» **Exercise directions**:
From the entries provided below, copy each line that contains the word "Item".

Scraped caption text data:
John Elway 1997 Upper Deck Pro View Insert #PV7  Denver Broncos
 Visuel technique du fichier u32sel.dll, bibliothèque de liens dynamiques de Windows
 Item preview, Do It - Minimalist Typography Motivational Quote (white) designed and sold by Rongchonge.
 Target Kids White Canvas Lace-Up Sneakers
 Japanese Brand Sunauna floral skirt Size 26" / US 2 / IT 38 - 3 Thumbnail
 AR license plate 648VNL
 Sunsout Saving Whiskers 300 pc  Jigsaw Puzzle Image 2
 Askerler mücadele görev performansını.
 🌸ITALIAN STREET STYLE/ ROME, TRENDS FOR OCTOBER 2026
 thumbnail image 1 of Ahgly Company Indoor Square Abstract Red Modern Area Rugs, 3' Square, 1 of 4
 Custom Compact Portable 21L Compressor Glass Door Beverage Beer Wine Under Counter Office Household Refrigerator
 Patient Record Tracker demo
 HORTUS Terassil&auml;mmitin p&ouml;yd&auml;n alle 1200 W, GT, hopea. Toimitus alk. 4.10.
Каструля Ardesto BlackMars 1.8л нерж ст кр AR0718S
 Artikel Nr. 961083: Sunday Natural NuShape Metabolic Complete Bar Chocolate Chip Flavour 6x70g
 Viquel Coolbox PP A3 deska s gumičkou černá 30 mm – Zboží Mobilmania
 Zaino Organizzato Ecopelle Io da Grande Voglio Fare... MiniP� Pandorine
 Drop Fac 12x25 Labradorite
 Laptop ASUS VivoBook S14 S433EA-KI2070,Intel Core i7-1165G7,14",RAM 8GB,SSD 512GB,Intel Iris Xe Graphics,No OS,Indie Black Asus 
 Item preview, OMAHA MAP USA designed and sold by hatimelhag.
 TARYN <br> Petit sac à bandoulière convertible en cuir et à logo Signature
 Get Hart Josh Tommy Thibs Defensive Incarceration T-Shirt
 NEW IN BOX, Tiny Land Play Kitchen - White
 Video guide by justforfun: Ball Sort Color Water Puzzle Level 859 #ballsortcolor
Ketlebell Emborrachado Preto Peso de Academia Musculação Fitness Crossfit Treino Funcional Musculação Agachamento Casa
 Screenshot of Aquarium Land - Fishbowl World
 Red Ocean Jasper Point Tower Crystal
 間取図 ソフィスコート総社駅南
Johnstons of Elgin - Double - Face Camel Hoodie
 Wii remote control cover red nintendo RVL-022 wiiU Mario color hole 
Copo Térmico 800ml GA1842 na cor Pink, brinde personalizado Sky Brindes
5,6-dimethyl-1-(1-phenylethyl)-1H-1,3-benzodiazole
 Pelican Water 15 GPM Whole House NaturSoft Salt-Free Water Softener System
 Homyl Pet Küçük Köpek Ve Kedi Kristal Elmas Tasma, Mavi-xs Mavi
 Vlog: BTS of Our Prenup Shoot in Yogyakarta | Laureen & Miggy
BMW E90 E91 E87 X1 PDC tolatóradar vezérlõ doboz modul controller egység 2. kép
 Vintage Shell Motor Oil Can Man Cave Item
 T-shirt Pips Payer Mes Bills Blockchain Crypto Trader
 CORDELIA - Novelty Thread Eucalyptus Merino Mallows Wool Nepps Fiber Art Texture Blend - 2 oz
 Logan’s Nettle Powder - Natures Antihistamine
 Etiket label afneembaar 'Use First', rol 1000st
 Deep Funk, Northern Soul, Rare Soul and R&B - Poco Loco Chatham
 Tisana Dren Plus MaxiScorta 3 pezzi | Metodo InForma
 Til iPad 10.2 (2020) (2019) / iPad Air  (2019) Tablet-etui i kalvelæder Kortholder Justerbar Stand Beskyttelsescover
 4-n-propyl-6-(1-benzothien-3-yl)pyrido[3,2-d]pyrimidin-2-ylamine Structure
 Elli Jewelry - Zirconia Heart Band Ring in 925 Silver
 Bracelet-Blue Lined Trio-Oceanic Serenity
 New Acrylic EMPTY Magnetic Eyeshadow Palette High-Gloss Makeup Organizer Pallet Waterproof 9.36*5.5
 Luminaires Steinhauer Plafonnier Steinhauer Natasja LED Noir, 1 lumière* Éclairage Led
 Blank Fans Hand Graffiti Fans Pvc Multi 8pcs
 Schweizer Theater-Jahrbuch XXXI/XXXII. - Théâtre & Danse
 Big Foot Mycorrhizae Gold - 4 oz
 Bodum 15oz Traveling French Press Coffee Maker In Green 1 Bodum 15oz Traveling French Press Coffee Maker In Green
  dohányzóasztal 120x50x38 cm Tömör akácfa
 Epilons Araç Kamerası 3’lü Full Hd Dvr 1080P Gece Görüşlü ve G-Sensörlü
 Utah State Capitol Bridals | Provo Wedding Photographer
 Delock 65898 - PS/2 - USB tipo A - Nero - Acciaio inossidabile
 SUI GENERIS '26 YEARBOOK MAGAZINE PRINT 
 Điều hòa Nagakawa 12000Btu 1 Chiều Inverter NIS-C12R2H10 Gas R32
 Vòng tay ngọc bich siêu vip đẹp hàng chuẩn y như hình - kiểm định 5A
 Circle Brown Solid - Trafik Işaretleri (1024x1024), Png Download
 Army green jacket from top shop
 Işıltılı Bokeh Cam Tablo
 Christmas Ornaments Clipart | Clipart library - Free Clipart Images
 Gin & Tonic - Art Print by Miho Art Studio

» **Final answer**:
 Item preview, Do It - Minimalist Typography Motivational Quote (white) designed and sold by Rongchonge.
 Item preview, OMAHA MAP USA designed and sold by hatimelhag.
 Vintage Shell Motor Oil Can Man Cave Item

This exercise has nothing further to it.